When I graduated, I believed that the world was my oyster. I could literally do anything that I wanted to do. Then, I managed to get a job as an Editor for two local newspapers. I was over the moon! I was writing my own stories, taking my own photographs and even managed two reporters. Finally, my dream was a reality, or so I thought.
I began working long hours for very little pay. My boss turned out to be extremely sexist and anytime anything went wrong with the ancient computer software we were using, I was blamed for “not knowing how to use it.” Did I mention that no health benefits were offered?

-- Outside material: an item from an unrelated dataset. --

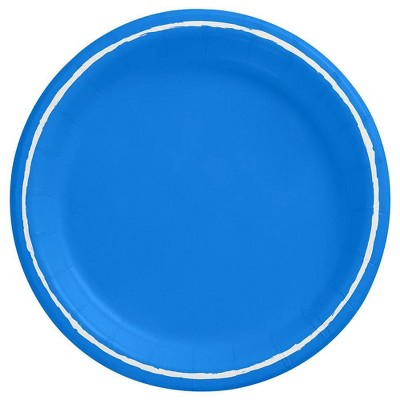 20ct Dinner Paper Plates Blue/White - Spritz™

Eventually, I moved on to yet another job. The job was not something that I was passionate about, but, it paid the bills. I found this to be the sad truth about every job that I took thereafter. I felt like a nomad, moving from job to job trying to find something that I could get excited about and use my skills and talents.
Music is a huge part of my life. I have been writing song lyrics for 12 years. I view it as a diary of my life. When I tried to pursue this avenue of employment, I was told by several production companies that my work was amazing. Now all I had to do was give them X amount of money to make my dream come true. Sadly, I gave in once. The result was not good. I do own the rights to the five songs that were created, but that’s as far as it went. In order to get my songs “pushed forward,” I would have to pay the company (ies) even more money.
I then thought that publishing a book of my lyrics in poetry form would be the next logical step. Again, I had to invest a substantial sum of money to get the book published. And the company wanted, you guessed it, more money to market my book.
Now, I am very interested in the thought of being a Life Coach. I have the background in communications and certainly have enough life experience to help those in need. But, much like going back to school, the program that I am interested in costs money.
Why do we have to throw money at our dreams? Our dreams are the things that make us happy and ultimately, what will allow us to earn a substantial living. It seems that in America we have to buy our dreams. And I, for one, do not have the funding to make these dreams come to fruition.